In order to defray the sadness of the poorly Photoshopped Nathan, The Park Bench is naming him its November Nerd Man of the Month. We have bestowed this honor upon him for other significant reasons as well including the fact that:
He can fly a space ship. How cool is that?

Okay, he might not actually know how to fly a space ship, but I bet he knows people who can.
Also, he's a terrific, under-appreciated actor who shines in anything he does, from his days as Captain Mal in "Firefly" to his appearances in "Lost" and "Buffy" to his role as a sweet, confused and sympathetic ob/gyn in "Waitress" to his role as a sweet, confused and sympathetic ob/gyn in "Desperate Housewives" (I'm sensing a pattern here) to his hilarious yet heroic turn (he battled a deranged deer!!) as Bill Pardy in "SLiTHER."
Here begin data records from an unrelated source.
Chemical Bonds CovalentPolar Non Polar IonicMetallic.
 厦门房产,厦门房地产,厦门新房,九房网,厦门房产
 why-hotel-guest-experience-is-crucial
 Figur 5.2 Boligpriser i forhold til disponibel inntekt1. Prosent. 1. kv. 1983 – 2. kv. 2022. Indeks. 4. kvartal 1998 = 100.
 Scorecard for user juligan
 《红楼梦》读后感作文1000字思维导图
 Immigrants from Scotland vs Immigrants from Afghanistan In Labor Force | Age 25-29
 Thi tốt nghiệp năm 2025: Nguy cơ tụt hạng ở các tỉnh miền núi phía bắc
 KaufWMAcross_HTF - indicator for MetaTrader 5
And most important of all, the man's damn funny. Just check out his three faces of soap opera acting:
For all this and yes, for his ability to wear tight pants, we bestow our shallow Park Bench love on Nathan Fillion and welcome him to the Nerd Man pantheon.
*The rule was amended years later to read: Thou shalt not Photoshop Nathan Fillion unless it's to make it look like he was your date at the senior prom. As the Pope said at the time, "That's just common sense."